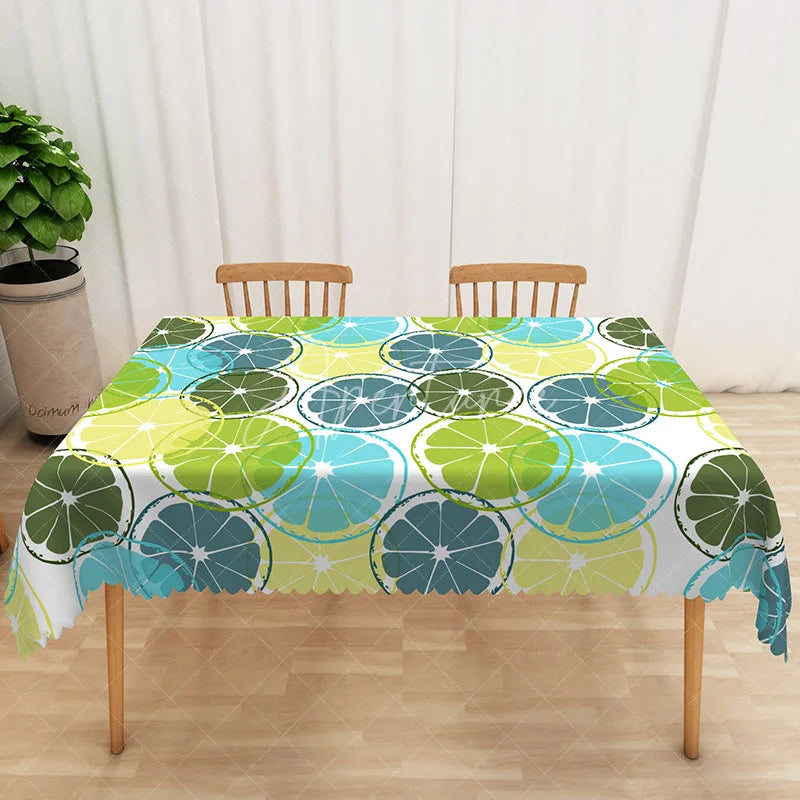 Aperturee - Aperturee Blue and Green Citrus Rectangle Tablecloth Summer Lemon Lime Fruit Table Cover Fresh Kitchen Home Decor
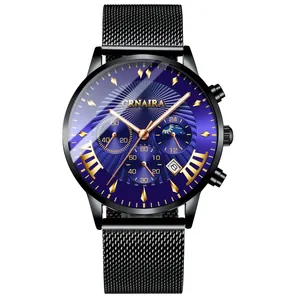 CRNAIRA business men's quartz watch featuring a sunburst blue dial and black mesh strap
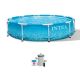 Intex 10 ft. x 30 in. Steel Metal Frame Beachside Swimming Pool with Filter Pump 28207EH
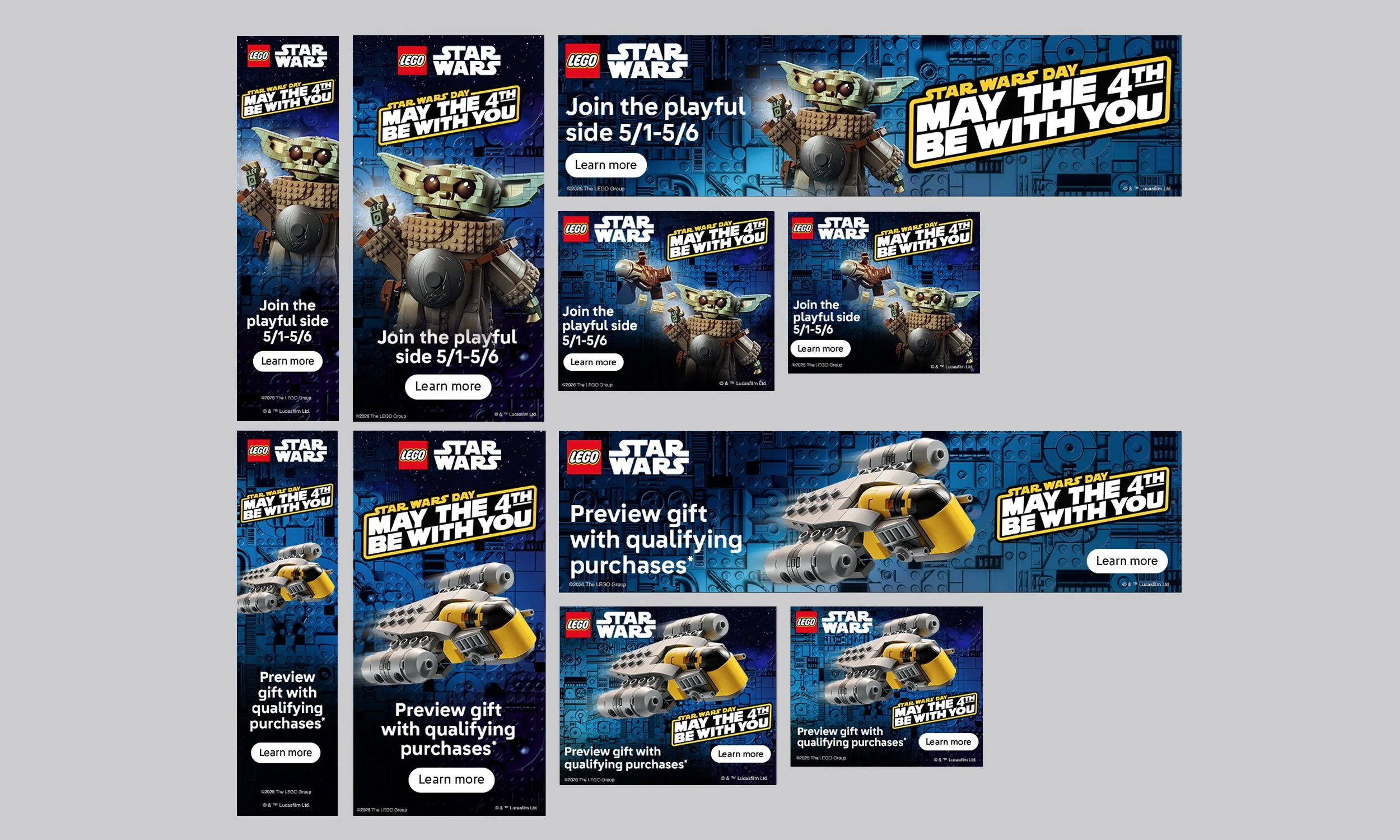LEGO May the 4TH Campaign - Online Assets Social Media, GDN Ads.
------
» ASSIGNMENT
Exactly repeat only the lines from the one with "CRNAIRA business men's" to the closing line above, both included, and omit every picture.

» EXERCISE RESULT
 CRNAIRA business men's quartz watch featuring a sunburst blue dial and black mesh strap
 Intex 10 ft. x 30 in. Steel Metal Frame Beachside Swimming Pool with Filter Pump 28207EH
LEGO May the 4TH Campaign - Online Assets Social Media, GDN Ads.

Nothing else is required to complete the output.